Work request: Your job with the data below is to output exactly the lines from the one holding "Une grue soulève" down to the one holding "A bedroom with a large", both included, and no others.

(Web page caption snippets)
------------------------------------------------------------

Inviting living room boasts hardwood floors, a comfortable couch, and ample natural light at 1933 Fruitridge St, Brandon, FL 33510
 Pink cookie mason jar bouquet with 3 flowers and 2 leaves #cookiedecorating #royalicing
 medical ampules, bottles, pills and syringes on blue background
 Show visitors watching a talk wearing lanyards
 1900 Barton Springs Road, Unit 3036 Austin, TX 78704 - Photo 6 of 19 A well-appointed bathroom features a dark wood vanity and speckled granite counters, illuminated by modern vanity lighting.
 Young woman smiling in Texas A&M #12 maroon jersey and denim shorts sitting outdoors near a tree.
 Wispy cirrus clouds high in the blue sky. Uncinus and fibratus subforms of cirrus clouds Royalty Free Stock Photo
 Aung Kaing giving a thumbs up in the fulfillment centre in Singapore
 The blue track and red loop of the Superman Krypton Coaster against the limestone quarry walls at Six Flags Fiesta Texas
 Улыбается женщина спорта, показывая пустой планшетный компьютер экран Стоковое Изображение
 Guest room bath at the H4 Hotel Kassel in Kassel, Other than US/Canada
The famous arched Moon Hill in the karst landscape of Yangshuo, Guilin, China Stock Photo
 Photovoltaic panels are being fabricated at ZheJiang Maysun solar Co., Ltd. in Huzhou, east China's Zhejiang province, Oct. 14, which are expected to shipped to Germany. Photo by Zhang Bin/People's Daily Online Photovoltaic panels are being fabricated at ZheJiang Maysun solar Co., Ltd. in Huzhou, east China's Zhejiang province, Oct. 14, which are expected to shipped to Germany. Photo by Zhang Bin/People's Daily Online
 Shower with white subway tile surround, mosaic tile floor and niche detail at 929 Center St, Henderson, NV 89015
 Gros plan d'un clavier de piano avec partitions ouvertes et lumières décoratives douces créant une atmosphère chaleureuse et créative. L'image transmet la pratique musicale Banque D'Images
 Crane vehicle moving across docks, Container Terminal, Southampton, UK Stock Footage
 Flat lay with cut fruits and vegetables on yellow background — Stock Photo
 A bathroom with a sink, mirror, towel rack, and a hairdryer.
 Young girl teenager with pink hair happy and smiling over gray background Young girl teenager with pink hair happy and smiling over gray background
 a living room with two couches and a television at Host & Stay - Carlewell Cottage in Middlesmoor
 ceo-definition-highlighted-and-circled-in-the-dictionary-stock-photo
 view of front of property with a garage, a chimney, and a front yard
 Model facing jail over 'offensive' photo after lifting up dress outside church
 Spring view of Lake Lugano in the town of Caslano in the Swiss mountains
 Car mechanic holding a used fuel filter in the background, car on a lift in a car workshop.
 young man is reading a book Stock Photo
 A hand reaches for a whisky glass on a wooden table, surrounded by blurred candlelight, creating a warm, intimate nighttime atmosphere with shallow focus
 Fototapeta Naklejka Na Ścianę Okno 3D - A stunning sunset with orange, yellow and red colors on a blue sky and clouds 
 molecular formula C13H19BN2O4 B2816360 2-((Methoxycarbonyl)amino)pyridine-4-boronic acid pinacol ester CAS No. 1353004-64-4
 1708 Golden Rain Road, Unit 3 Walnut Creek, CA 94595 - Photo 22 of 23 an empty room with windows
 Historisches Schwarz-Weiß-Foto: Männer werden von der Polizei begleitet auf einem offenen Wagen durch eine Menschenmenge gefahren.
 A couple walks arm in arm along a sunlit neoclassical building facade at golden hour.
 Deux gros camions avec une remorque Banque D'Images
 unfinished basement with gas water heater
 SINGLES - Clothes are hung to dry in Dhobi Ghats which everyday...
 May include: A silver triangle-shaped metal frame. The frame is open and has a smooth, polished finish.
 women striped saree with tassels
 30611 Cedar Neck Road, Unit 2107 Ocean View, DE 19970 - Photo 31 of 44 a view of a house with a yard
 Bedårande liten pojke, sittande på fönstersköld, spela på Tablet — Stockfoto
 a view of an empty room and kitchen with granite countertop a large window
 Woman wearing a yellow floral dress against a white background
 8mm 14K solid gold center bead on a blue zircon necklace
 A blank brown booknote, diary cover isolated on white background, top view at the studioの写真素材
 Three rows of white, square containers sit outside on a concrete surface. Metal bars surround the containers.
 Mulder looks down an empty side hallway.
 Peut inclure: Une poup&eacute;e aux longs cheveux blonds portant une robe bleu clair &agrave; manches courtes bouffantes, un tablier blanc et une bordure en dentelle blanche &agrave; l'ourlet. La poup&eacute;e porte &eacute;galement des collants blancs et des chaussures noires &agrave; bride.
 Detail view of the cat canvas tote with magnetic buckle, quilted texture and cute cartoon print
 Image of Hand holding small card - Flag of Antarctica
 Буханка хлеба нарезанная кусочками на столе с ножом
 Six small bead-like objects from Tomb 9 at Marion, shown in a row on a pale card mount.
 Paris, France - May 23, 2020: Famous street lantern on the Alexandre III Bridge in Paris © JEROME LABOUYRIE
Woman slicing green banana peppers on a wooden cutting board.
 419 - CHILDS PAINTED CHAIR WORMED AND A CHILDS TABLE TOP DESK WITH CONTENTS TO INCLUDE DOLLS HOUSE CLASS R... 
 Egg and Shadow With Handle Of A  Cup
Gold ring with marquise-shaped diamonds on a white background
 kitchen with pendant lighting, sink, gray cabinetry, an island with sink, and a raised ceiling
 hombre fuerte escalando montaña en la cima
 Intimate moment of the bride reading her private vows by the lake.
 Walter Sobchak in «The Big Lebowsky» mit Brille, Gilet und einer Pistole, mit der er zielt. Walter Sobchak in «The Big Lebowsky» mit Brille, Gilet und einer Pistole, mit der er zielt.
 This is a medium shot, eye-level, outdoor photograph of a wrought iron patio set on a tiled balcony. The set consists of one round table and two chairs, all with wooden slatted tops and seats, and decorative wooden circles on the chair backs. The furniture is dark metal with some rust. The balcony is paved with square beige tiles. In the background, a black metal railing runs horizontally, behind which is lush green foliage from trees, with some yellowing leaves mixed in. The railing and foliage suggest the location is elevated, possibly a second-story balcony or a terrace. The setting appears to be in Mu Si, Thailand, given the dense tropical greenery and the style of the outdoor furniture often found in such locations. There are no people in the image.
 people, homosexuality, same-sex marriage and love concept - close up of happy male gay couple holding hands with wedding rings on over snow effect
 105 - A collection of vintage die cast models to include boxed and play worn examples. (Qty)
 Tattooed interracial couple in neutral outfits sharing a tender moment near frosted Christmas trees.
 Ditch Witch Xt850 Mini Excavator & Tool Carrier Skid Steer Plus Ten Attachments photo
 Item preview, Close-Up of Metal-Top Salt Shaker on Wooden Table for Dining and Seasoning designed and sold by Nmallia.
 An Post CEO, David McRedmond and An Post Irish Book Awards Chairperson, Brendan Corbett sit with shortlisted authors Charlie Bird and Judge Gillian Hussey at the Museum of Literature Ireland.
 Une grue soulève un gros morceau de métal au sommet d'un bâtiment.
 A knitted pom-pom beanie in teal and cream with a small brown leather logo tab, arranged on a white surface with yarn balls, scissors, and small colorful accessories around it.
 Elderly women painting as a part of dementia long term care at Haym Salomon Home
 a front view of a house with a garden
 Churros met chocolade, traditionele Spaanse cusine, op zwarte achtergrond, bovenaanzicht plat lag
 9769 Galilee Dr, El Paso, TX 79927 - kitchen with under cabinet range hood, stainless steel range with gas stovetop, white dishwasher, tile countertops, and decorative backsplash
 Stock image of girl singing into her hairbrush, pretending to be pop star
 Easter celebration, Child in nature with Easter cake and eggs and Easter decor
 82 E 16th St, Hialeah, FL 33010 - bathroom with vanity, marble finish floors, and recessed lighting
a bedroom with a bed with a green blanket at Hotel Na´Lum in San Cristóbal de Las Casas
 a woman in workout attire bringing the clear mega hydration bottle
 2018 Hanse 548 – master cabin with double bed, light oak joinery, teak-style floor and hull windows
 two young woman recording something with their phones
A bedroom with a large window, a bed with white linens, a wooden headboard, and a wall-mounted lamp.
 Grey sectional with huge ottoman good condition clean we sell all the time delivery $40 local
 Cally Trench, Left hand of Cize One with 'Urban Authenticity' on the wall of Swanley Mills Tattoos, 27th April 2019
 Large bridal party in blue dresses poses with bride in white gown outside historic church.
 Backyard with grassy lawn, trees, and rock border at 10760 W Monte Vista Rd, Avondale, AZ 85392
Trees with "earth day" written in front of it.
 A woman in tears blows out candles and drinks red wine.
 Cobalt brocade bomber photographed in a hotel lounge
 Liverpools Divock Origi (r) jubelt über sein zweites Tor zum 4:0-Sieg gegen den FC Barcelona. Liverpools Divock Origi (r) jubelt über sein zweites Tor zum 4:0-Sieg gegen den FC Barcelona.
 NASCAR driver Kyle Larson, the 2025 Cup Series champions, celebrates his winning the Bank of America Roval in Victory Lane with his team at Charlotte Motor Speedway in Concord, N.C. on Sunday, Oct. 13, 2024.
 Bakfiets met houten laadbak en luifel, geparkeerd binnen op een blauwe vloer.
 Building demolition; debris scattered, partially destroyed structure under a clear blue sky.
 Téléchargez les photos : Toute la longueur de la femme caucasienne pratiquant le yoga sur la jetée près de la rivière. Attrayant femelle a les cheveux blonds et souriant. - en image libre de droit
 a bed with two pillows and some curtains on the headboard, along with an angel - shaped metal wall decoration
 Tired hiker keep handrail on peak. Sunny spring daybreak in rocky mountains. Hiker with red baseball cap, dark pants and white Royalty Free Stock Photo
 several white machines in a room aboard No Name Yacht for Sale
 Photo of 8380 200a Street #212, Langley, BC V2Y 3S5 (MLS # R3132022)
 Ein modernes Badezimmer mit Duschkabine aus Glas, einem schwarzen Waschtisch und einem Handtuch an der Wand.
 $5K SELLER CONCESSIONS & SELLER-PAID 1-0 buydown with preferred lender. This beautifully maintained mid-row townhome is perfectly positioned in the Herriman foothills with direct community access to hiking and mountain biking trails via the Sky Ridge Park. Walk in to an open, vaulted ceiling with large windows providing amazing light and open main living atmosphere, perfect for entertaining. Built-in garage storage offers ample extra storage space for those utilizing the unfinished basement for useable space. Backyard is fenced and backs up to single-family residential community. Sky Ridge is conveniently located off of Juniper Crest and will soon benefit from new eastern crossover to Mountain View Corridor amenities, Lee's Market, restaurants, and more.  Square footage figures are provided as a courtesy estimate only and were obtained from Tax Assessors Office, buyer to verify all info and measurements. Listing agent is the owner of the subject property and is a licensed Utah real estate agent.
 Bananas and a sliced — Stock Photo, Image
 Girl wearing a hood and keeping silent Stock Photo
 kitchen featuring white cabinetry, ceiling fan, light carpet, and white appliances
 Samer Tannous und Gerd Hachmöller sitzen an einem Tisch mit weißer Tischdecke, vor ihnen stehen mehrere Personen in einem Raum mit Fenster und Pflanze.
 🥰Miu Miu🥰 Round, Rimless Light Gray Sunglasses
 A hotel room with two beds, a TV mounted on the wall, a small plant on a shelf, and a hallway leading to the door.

------------------------------------------------------------

Final answer:
 Une grue soulève un gros morceau de métal au sommet d'un bâtiment.
 A knitted pom-pom beanie in teal and cream with a small brown leather logo tab, arranged on a white surface with yarn balls, scissors, and small colorful accessories around it.
 Elderly women painting as a part of dementia long term care at Haym Salomon Home
 a front view of a house with a garden
 Churros met chocolade, traditionele Spaanse cusine, op zwarte achtergrond, bovenaanzicht plat lag
 9769 Galilee Dr, El Paso, TX 79927 - kitchen with under cabinet range hood, stainless steel range with gas stovetop, white dishwasher, tile countertops, and decorative backsplash
 Stock image of girl singing into her hairbrush, pretending to be pop star
 Easter celebration, Child in nature with Easter cake and eggs and Easter decor
 82 E 16th St, Hialeah, FL 33010 - bathroom with vanity, marble finish floors, and recessed lighting
a bedroom with a bed with a green blanket at Hotel Na´Lum in San Cristóbal de Las Casas
 a woman in workout attire bringing the clear mega hydration bottle
 2018 Hanse 548 – master cabin with double bed, light oak joinery, teak-style floor and hull windows
 two young woman recording something with their phones
A bedroom with a large window, a bed with white linens, a wooden headboard, and a wall-mounted lamp.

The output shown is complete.